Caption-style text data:

+===+

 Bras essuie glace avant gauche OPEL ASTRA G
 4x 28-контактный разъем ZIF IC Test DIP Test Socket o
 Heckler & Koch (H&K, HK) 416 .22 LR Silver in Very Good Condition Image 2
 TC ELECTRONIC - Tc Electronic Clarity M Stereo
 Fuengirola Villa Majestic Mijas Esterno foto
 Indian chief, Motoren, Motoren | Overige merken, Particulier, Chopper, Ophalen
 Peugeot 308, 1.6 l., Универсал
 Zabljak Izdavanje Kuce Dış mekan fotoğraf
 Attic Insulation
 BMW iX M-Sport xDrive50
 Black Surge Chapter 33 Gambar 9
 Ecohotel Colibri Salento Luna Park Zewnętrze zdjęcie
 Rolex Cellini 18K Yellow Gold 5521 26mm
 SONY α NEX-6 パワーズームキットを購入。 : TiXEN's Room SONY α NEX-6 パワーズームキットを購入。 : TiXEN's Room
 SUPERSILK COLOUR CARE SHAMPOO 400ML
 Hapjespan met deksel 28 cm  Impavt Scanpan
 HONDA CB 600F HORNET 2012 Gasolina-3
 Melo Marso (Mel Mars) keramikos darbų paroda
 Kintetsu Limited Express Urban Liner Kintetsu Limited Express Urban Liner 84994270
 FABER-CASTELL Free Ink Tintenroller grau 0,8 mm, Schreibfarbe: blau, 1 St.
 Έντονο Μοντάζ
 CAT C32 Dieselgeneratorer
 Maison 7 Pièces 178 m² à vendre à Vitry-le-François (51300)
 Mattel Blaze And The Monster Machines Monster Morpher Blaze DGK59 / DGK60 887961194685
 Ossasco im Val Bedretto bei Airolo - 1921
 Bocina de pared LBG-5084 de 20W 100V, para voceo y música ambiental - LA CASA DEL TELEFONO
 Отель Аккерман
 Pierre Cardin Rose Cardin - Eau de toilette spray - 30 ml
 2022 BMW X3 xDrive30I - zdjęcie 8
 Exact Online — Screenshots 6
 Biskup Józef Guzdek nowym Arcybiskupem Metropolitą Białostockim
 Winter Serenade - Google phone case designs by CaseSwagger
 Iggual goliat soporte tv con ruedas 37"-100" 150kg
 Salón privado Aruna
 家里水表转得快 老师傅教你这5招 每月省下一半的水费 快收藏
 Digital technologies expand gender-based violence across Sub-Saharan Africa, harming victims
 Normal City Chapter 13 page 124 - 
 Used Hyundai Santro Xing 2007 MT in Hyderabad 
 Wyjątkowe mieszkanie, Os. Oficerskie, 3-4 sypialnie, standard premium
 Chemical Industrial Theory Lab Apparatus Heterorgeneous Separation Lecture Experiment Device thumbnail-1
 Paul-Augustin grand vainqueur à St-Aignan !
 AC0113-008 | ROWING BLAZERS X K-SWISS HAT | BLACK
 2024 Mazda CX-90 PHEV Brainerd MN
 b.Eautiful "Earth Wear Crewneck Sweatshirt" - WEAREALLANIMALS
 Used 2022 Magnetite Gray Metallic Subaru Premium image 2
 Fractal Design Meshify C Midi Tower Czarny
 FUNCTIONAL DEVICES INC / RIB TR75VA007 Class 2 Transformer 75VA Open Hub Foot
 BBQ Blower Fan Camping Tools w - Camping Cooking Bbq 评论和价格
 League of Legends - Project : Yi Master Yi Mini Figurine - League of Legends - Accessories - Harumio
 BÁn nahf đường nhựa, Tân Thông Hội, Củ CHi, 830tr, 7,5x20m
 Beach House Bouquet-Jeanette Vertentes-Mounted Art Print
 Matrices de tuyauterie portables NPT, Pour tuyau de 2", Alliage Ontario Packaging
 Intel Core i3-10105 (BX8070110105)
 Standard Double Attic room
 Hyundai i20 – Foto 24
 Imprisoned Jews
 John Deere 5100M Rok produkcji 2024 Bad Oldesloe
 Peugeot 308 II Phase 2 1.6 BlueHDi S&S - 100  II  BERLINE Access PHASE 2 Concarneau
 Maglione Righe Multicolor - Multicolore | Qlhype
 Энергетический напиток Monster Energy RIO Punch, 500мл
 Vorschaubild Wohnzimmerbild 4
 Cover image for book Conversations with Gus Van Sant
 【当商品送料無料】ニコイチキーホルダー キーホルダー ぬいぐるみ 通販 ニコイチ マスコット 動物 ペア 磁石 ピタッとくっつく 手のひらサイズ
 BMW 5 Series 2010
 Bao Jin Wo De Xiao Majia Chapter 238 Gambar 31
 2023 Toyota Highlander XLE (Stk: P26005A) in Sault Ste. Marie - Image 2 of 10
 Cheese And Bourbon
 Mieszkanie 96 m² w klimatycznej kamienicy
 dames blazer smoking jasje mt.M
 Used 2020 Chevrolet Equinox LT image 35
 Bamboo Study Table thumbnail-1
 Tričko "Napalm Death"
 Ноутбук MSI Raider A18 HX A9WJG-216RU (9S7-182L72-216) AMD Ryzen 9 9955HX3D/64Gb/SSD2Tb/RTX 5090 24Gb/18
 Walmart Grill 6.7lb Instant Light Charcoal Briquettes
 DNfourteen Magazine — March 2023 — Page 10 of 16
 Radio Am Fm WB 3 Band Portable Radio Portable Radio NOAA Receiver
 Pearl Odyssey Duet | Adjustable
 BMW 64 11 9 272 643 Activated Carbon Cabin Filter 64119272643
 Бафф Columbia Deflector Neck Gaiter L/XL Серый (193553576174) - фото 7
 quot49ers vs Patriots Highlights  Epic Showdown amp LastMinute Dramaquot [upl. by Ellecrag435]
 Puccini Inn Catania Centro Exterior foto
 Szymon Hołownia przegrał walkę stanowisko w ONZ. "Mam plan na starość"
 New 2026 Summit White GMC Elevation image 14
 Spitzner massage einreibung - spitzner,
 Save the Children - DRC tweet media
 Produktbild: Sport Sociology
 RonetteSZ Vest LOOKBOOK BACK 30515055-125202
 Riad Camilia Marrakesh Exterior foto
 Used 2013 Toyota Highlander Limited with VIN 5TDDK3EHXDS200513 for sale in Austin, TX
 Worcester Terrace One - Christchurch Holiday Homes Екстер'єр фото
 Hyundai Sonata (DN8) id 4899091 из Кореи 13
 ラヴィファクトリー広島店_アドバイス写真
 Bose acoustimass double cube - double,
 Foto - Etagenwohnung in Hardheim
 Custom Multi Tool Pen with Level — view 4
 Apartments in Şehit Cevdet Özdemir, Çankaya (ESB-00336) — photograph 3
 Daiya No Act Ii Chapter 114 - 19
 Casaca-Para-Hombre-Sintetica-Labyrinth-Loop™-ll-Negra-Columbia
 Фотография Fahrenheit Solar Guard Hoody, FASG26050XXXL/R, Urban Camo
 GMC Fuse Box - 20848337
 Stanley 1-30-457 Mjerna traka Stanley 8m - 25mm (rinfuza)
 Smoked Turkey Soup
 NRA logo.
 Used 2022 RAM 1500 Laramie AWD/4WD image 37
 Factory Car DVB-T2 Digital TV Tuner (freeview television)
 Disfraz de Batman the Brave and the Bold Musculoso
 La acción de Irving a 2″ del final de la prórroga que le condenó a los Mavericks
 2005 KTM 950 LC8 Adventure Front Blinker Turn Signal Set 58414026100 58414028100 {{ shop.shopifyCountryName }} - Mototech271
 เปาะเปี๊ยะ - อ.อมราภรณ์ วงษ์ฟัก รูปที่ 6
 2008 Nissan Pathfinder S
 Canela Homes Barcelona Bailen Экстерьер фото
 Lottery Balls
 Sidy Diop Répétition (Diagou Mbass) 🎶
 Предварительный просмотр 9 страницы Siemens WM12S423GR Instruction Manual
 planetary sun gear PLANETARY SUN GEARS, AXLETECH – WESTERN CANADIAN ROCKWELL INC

+===+

Task prompt:
In the answer, the lines from the first line of the data above through the line containing "Indian chief, Motoren, Motoren" must appear exactly as written, with nothing else.

Written answer:
 Bras essuie glace avant gauche OPEL ASTRA G
 4x 28-контактный разъем ZIF IC Test DIP Test Socket o
 Heckler & Koch (H&K, HK) 416 .22 LR Silver in Very Good Condition Image 2
 TC ELECTRONIC - Tc Electronic Clarity M Stereo
 Fuengirola Villa Majestic Mijas Esterno foto
 Indian chief, Motoren, Motoren | Overige merken, Particulier, Chopper, Ophalen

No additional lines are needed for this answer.